Macché, italiani credulona gente
testo di Tullio De Mauro* / Internazionale
Il quotidiano londinese The Guardian del 19 settembre 2014 ha dedicato un articolo al curricolo sui cambiamenti climatici elaborato dal Botanic Garden di Chicago con l’aiuto della Nasa. Il curricolo potrebbe migliorare l’insegnamento delle scienze e preparare meglio gli alunni a navigare nel mondo d’oggi. Molti lettori hanno reagito con critiche.
L’articolo in realtà riguarda la situazione delle scuole negli Stati Uniti e i critici rivendicano una migliore condizione dell’insegnamento scientifico nel Regno Unito. Alcuni lettori toccano un punto cruciale, lo stesso affrontato il 7 ottobre in un convegno dell’Accademia dei lincei da Giuseppe Macino, illustre biologo cellulare: come presentare la scienza nei primi anni di scuola.
L’apprendimento delle scienze è un punto debole dei sistemi educativi. S’insegnano magari molto, ma si apprendono poco. La recente indagine Ocse sulle capacità di ragionamento scientifico degli adulti è impietosa. Nella maggioranza dei paesi anche più sviluppati più della metà della popolazione è sotto il livello di guardia in materia di ragionamento scientifico: il 71 per cento in Italia e in Spagna, il 64 per cento negli Stati Uniti, il 62 in Francia, il 58 nel Regno Unito, il 50 in Germania. Anche in paesi virtuosi il deficit è alto: 42 per cento in Finlandia, 36 in Giappone.

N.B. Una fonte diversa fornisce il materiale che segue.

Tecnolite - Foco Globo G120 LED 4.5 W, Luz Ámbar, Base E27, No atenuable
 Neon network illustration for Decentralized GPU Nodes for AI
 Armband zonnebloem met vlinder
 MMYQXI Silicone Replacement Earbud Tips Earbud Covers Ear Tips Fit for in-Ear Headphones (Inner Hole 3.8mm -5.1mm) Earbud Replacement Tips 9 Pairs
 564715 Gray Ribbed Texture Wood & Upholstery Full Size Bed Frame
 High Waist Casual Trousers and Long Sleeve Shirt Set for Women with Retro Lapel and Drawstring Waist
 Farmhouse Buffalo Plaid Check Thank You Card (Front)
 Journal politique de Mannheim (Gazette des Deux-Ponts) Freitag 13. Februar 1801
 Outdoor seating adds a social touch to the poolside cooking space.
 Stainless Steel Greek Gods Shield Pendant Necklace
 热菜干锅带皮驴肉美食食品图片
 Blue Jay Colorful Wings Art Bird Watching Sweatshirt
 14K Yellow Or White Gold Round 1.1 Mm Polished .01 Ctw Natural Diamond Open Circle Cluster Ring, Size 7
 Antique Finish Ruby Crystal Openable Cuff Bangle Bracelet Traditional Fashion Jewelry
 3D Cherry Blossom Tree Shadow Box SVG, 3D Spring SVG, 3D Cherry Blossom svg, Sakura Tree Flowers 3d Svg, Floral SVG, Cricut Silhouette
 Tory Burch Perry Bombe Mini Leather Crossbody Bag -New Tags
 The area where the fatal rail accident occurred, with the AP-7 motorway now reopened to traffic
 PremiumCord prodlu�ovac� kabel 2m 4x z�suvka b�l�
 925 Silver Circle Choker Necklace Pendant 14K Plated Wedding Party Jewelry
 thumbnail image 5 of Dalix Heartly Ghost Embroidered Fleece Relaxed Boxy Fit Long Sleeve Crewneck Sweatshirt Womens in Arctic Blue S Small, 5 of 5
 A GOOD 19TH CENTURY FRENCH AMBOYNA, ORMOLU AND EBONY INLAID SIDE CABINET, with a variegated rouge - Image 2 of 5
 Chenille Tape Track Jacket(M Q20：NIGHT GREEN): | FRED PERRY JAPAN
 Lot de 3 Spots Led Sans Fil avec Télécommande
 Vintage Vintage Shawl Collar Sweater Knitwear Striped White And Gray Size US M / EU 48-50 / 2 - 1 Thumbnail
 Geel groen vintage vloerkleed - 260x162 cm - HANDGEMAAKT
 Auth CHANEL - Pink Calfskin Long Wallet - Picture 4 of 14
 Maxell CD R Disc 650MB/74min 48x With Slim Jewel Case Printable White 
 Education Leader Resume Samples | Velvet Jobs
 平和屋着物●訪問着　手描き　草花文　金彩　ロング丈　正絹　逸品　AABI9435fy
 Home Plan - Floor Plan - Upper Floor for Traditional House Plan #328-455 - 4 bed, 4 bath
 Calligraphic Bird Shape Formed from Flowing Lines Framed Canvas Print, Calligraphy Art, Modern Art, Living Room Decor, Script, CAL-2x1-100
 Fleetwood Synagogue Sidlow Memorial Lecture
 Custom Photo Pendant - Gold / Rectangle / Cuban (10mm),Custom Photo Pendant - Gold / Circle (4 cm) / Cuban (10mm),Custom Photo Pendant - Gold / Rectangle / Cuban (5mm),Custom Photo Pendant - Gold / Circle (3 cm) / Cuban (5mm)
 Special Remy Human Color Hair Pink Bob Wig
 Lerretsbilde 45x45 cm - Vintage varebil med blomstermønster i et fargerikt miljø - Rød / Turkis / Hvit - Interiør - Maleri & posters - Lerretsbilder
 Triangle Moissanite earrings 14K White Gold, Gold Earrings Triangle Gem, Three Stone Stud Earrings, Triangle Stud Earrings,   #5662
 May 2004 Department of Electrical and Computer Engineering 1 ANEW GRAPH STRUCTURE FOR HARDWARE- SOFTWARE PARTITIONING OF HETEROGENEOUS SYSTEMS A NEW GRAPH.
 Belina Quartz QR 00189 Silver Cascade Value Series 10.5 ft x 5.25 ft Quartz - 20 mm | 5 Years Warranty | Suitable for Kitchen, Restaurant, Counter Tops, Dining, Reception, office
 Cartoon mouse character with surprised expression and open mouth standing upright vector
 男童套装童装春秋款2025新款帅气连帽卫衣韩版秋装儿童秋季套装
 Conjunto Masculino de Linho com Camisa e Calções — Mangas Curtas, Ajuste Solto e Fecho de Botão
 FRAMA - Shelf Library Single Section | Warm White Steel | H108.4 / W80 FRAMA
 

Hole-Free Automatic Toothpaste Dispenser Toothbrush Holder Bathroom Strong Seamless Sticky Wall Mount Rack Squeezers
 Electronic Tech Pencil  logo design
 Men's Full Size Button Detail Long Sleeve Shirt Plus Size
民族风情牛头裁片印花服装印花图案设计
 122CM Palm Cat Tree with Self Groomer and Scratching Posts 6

Dice una lettrice del Guardian: dobbiamo dare ai ragazzi non cataloghi di nozioni, ma menti aperte all’indagine, capacità di capire che cos’è un approccio scientifico e infine un sano scetticismo verso le idee in voga. •
* Tullio De Mauro (Torre Annunziata, 1932) è il più famoso linguista italiano. Dal 2007 dirige la Fondazione Maria e Goffredo Bellonci e presiede il comitato direttivo del Premio Strega. È fratello minore di Mauro De Mauro, giornalista de l’Ora di Palermo rapito e ucciso dalla mafia nel settembre 1970, e padre di Giovanni De Mauro, direttore della rivista Internazionaleche ogni settimana divulga il meglio dei giornali di tutto il mondo. È stato ministro della Pubblica Istruzione nel Governo Amato II (dal 25 aprile 2000 all’11 giugno 2001)
Mi piacerebbe pensare che una firma e la testimonianza del metodo e della deontologia giornalistica possano bastare a riacquisire la fiducia perduta. Si tratta di scoprire forse un nuovo modo di fare giornalismo che vinca la sua battaglia sul campo. Ma per questo ci vogliono persone nuove che in quel campo sono nate e che il nostro settarismo e la nostra economia costringe nell’ombra e mette fuori gioco. Dove sono i nativi della rete dentro le redazioni? Quante opportunità hanno i nuovi giornalisti?
A proposito dell’oltraggiosa classificazione degli italiani in materia di conoscenze scientifiche e sistemi educativi, forse non è inutile sottolineare che i programmi scolastici sono formulati a livello governativo, dai “competenti” ministri alla Pubblica Istruzione.